Thanks to a $10,000 Blue Health Advantage Wellness grant, formally delivered Tuesday to members of the community's Lifespan Wellness Team, exercise machines will be installed this fall at three different outdoor locations in town.

The equipment will include a two-person vertical bench-press machine, a rowing machine, a cross-country ski machine, a four-person leg-press machine and a stair climber, and the sites will be linked by a walking trail, according to Jay Sutliffe, a Chadron State College instructor and member of the wellness group.

"Since people will be doing aerobic exercise to get to there, most of the equipment will be muscle strengthening," Sutliffe said.

Chadron's $10,000 award was the largest of nine grants awarded this year for wellness projects in Nebraska communities outside the Omaha and Lincoln areas by Blue Cross Blue Shield of Nebraska, according to Jack Mill, chairman of the insurance company. Mill traveled to Chadron to present the grant.

"Wellness is a significant issue in the whole country, not just Nebraska," Mill said. "We think the best solutions come from the local community. We all have responsibility for our own wellness."

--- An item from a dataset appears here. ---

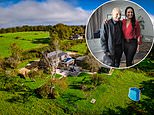 Millionaire filmmaker Charlotte Fantelli's £1.7m New Forest home is up for sale - have a peek inside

For mutual insurance companies such as Blue Cross Blue Shield, promoting wellness and physical activity makes sense, because it benefits customers by improving their health and reducing their insurance premiums, Mill said.

The ad hoc Lifespan Wellness Team laid the groundwork for this year's grant in 2006, when it organized a program called 'Walkabout' that encouraged residents to join in a competition with eight other communities to see who could walk the most miles over several months, Sutliffe said. Although Chadron did not win the contest, residents enthusiastically joined the effort, and many people strapped on pedometers provided to measure their mileage, he said.

That success helped land the current grant, because "it showed collaboration with the community," Celann LaGreca, vice president of community investment for Blue Cross Blue Shield, said.

Collaboration was also evident at Tuesday's event, which included presentation of awards to local businesses that participated in a "Well Workplace" initiative, sponsored by the Panhandle Public Health District, and the award of a $500 grant to Chadron's East Ward Elementary School for taking part in the "N-Lighten Kids" exercise initiative sponsored by the Nebraska Sports Council.

A $500 grant from Western Community Health Resources, which will be used to create the walking trails that will link the exercise equipment, is also a joint effort, Sutliffe said. That project involved Chadron High School math students, who mapped and measured the trails, and Chadron State College graphic-arts students, who are creating a brochure showing the various routes and distances, he said.

The city of Chadron is involved in both projects and has provided help in the placement of the exercise pods and trail routes, and Pine Ridge Job Corps will help install the equipment, Sutliffe said.

The wellness team, which has now been incorporated into the city-sponsored Chadron Community Recreation organization, hopes to have the exercise equipment installed and the trail brochure completed by late fall.

And the group views the project as only the start of an effort to provide more opportunities for residents to stay active and healthy, Sutliffe said. "This is phase one of an outdoor fitness center. We hope to add more sites," he said.